(Beginning of TASK DATA)

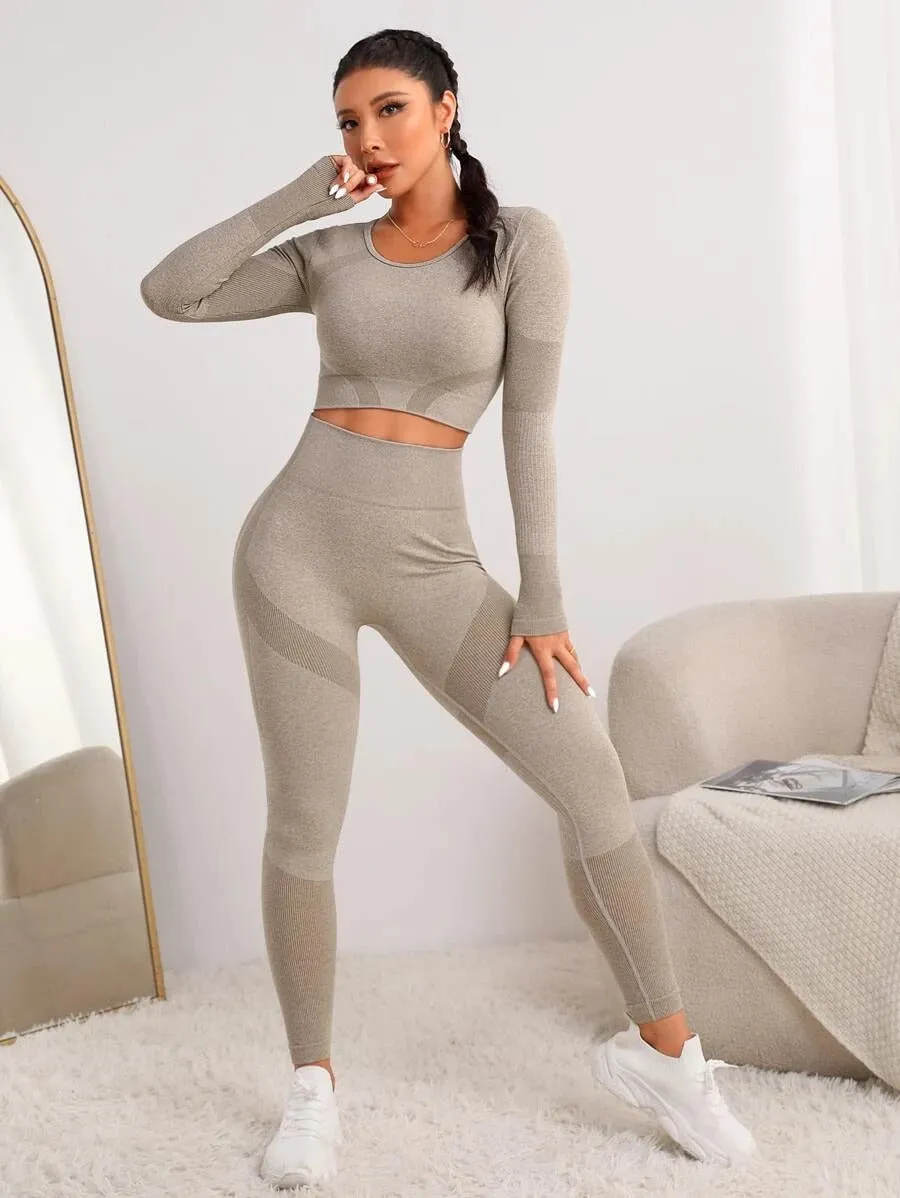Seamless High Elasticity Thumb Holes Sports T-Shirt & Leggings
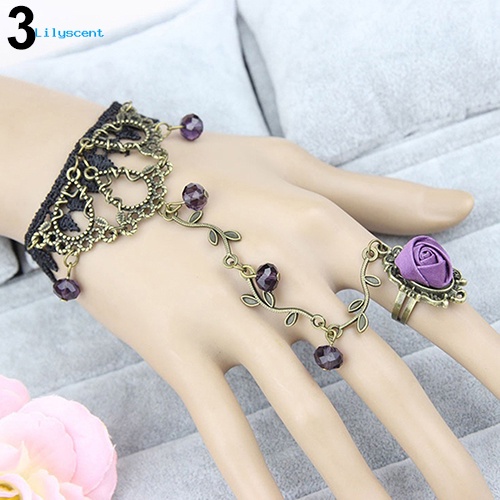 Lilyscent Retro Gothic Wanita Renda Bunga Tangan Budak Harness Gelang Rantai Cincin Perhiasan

(End of TASK DATA)
(Beginning of TASK DATA)

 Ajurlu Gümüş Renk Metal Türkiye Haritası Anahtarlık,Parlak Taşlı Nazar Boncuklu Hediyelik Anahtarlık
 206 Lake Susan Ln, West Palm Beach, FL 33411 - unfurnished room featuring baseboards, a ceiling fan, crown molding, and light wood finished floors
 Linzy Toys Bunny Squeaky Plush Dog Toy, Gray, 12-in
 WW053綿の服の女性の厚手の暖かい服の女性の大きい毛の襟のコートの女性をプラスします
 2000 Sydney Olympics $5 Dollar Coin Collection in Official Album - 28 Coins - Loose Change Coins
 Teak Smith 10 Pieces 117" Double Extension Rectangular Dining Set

(End of TASK DATA)

▸ TASK GOAL
A verbatim transcription is needed of the lines above, starting at the line with "Ajurlu Gümüş Renk" and ending at the line with "206 Lake Susan", both included, and of nothing else.

▸ TASK SOLUTION
 Ajurlu Gümüş Renk Metal Türkiye Haritası Anahtarlık,Parlak Taşlı Nazar Boncuklu Hediyelik Anahtarlık
 206 Lake Susan Ln, West Palm Beach, FL 33411 - unfurnished room featuring baseboards, a ceiling fan, crown molding, and light wood finished floors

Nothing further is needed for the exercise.